And so we had a number of conversations, which culminated in everybody coming here to City of Hope for a day and a half, where we closed ourselves in a room. And for 1 and 1/2 days, we work very hard, then discussed and designed this trial. And so it really is a consensus trial from leading experts in the country, which builds on the early success of other trials that have tested these therapies individually. And all of them have been shown to have a good level of efficacy in terms of preserving insulin secretion in a patient that has been recently diagnosed.
When people are diagnosed, they're still making a little bit of insulin. It's not enough that they can avoid insulin injections. But it does help them manage their diabetes better. Now, over time, it will continue to decline and eventually disappear. Can we preserve that? If we can preserve that, we can learn if we can control the autoimmune process. So this patient population is really important because it's the patient population that can tell us whether we are successful at controlling the autoimmune process.
So that's where the trial is designed in patients that have been diagnosed in the previous six months from when the time they enroll.
And what is the nature of the therapy in this trial?

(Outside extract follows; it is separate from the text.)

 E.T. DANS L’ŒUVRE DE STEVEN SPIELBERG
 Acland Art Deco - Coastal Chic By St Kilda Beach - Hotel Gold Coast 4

So what we're trying to do is to, in the same trial, test two combination therapies. So not one, two. More shots on goal. There are three individual therapies that we're going to use, three different drugs. One is called thymoglobulin or ATG. And this has been used a lot in transplantation and, essentially, is an immunosuppressive drug. In transplantation is used at certain doses. It was used in earlier trials in type 1 diabetes by itself, a low dose only for two days. And that resulted in through the patients maintaining insulin secretion for up to two years.
Still declining, but not as much as if you were not treated. It was a big difference. The efficacy was really not worth it. But still, there was a decline. And why? Because it's a chronic disease. So when we treat with thymoglobulin we're essentially stopping the immune system. But we're going to stop it for a while, then the immune system is going to come back. Now, you cannot keep treating with thymoglobulin because it's a heavy immunosuppressant drug. And then you don't want to give this to children forever.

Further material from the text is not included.